In practice, rather than lending available "excess reserves" as a customer lending policy, as described in the base money multiplier model, banks tend to lend their "excess reserves" to other financial institutions - often on an overnight basis, so that they have these deposits available earning interest, while still being available to meet customer withdrawal requests. (Howells P, Page 36)
Seth B. Carpenter, a monetary policy and financial markets researcher at the Board of Governors of the Federal Reserve System and Selva Demiralp concluded[8] the simple textbook base money multiplier is implausible in the United States.
Also, the idea that the reserve requirement places an upper limit on the money supply is disputed by some economists[9], including for example the former chief economist of the Bank of England and current Governor, Mervyn King, and the UK's foremost central banking economist Charles Goodhart. In 2007, Goodhart said[10], "[When the] Central Bank sets interest rates, as is the generality, the money stock is a dependent, endogenous variable. This is exactly what the heterodox, Post-Keynesians, from Kaldor, through Vicky Chick, and on through Basil Moore and Randy Wray, have been correctly claiming for decades, and I have been in their party on this."
Theories of endogenous money date to the 19th century, and were described by Joseph Schumpeter, and later the post-Keynesians.[11] Endogenous money theory states that the supply of money is credit-driven and determined endogenously by the demand for bank loans, rather than exogenously by monetary authorities.

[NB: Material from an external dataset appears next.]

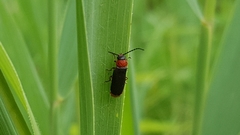 Silis ruficollis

In 1994, Mervyn King said[12] 'One of the most contentious issues in assessing the role of money is the direction of causation between money and demand. Textbooks assume that money is exogenous. It is sometimes dropped by helicopters, as in Friedman’s analysis of a ‘pure’ monetary expansion, or its supply is altered by open-market operations. In the United Kingdom, money is endogenous - the Bank [of England] supplies base money on demand at its prevailing interest rate, and broad money is created by the banking system. Therefore the endogeneity of money has caused great confusion, and led some critics to argue that money is unimportant. This is a serious mistake'
Goodhart, formerly an advisor at the Bank of England and a former monetary policy committee member, worked for many years to encourage a different approach to money supply analysis and said the base money multiplier model was 'such an incomplete way of describing the process of the determination of the stock of money that it amounts to misinstruction'[13] Ten years later he said[14] ‘Almost all those who have worked in a [central bank] believe that this view is totally mistaken; in particular, it ignores the implications of several of the crucial institutional features of a modern commercial banking system....’
Because of these[15][16] modern banking systems, banks are not truelly lending existing central bank money, but are instead creating money while managing the liabilities this creates for them by having lines of credit, and access to a highly liquid money market - at rates near to those targeted by the central bank. It is true the banks are continually getting deposits of central bank money, and they are most certainly paying out central bank money as required, but deposits do not create loans but rather demand for loans creates deposits. After a loan is demanded, and existing sources of central bank money are sought, as required, whatever additional Central bank money necessary to achieve a banking system balance, at the prevailing central bank policy rate[17], is supplied on demand, at a price, by the central banks (King 1994).